· AI Engineering, AI in Education · 8 min read
Using AI to Accelerate Intelligence
AI is a transformative technology, let's use it to improve ourselves. AI combined with Knowledge tracing will unlock the next evolution in education.
AI has started revolutionizing almost every sphere of how we interact with technology. We are already operating at frontiers that would have read like pure science fiction just a decade ago, and our reliance on these superpowers is going to affect all of us. Look at software engineering: our concept of what a junior developer is and what they are expected to deliver has drastically changed overnight, and it is likely never going back.
It might even change how we define being “smart” shifting it from an intrinsic trait to how effectively someone can harness AI. But the most profound impact will be personal, specifically in how we learn. Human cognition depends on internalizing new information through active learning and conceptual transfer. Applying that knowledge allows the brain to form connections and chunk related information, enabling the efficient long-term storage and retrieval of mental models—the underlying framework of our intuition. Ultimately, our prior knowledge dictates how easily we can scaffold and acquire new, related concepts. When AI hands answers to us on a plate without requiring real cognitive effort, it bypasses the trials, repetition, and friction that deep learning actually requires. What this shortcut does to our own brains is a giant experiment currently playing out in the real world.

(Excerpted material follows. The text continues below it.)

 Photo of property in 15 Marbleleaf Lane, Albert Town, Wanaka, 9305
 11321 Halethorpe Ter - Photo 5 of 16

Every student who falls behind carries the weight of every concept they were never quite given the chance to master, and these gaps compound silently. A weak foundation in fractions makes percentages a struggle, which eventually makes understanding compound interest almost impossible. Traditional assessments fail here because they treat the grade of a single paper as the only data point that matters. Over the last two decades, knowledge tracing has emerged to solve this by modeling exactly what a student knows at any given moment. Where standard tests just measure whether a student got a question right, knowledge tracing maps how their understanding of each underlying skill evolves over time and across multiple attempts. It is the difference between seeing “Naledi scored 60%” and knowing “Naledi has a 41% mastery of simplifying fractions, trending downward, with a confidence interval of 73%.” The first just tells you she is scraping by; the second tells you exactly where to step in and fix the foundation.
The Problem With Average
Most educational software shows teachers and parents a flat average score: a class average of 72%, a student averaging 65% across recent quizzes, or a standard pass rate.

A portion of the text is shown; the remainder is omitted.